You dont need to worry much. If you need to maintain valid H1-B after filing ur 485 then you need to get a copy of LCA from new worksite region within 30 workdays. Also its always better to apply for an EAD coz you can always use it as a backup in case there are any H1-B violations.


Updated my post with more details in this thread

Nsc121901,

Can you please clarify on this again. I just realised that am kind of in the same boat. Let me explain...

I started working for company A in 1999. The work location was in a different state. The employer was paying taxes for the same state where he was located. I was in this location until June 2000. Then I moved to CA. Still employer was paying the same way(meaning paying the taxes according the state where our office was located.

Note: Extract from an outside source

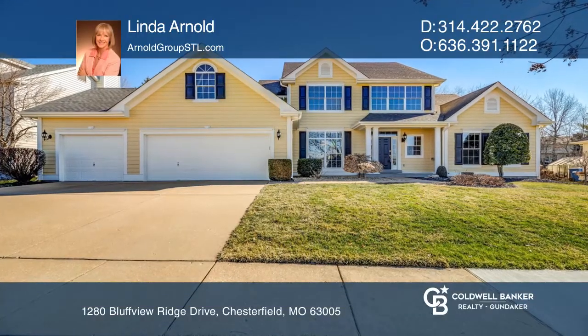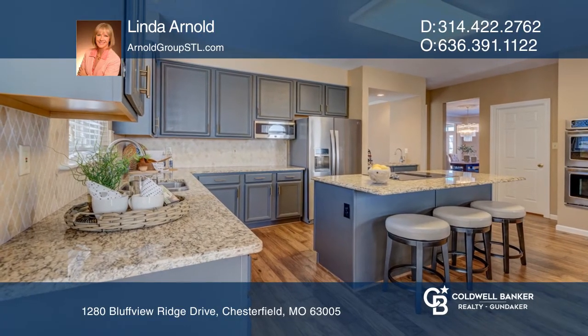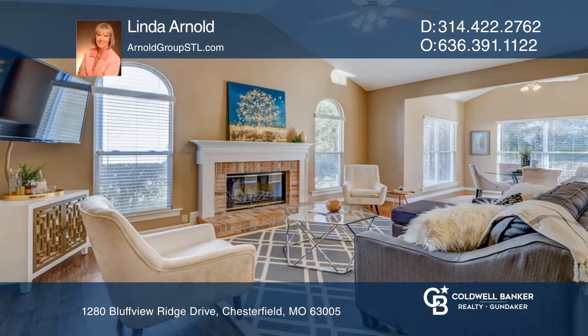One-and-a-half-story home in popular Bluffs of Wild Horse. The gourmet kitchen comes with double ovens, island and granite counters. The hearth room has a cathedral ceiling and wood-burning fireplace.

I was in CA until 2001 Sep and then moved to IL. After a month or so, employer filed the LCA for IL.
In 2002 my labor was filed. in March 2002 I had to move to company B and worked with that comapany until Sep 2002.. Both company A and Company B are in the same state.

In october i was forced to move to company C which filed a new H1 for IL and everything was ok. In April 2003, as my labor was approved(which was applied by company A), I moved back to Company A. I got my EAD and AP etc.

My concern is I mention all these location in the application. Will it be a problem. As per your postion, it was ok to work for long durations with out LCA's prior to Jan 19th,2001.
How does this whole thing effect my GC. Alll along I maintained the status, as far as applying new H1's etc.

Any inputs greately appreciated in advance.

Regards,
November04


I Sincerely apologize for the lenghty postion.
 
Unitednations,

I guess I made the same mistake of mentioning all my address. What do I do.

Can you suggest me. Is there a workaround.The only problem I have is the period 1999-2001 September, after that I have LCA's where ever I worked.Am getting worried now...

Thanks for your time and for helpming me out.

Regards,
November04
 
unitednations said:
I don't know how much of a work around there is, other then hoping uscis doesn't pick up on this. This is definitely a situation that you would need a lawyer on.


Thanks for your information though. Well, I will contact my attorney tomorrow.Will update the thread. I really appreciate your input.
I hope everything goes well... :confused:

SEP30...

Have you replied to ur rfe. Could you please post your details and also let us know what you have done. That might help people like me...

Regards,
November04
 
November04,
What is your priority date (LC filing date) ? If you have filed LC before April 30, 2001 and have been in US on December 21, 2000 you may invoke 245(i) section. But I don't think USCIS will pick on this LCA violation as it's a very remote chance.

Thanks
 
NSC,

I came here in 1999 and my labor was filed in 2002 Jan and was cleared in 2003 Jan. I applied 140/485 in may 2003. So I guess I cannot invoke 245(i)(correct me if am wrong).

Any suggestions....?

Thanks again.

November04
 
Sep30

Coud you please tell us if you have already replied for your rfe and if so what exactly you mentioned. That will help us too. Also can you please post ur RD/ND details?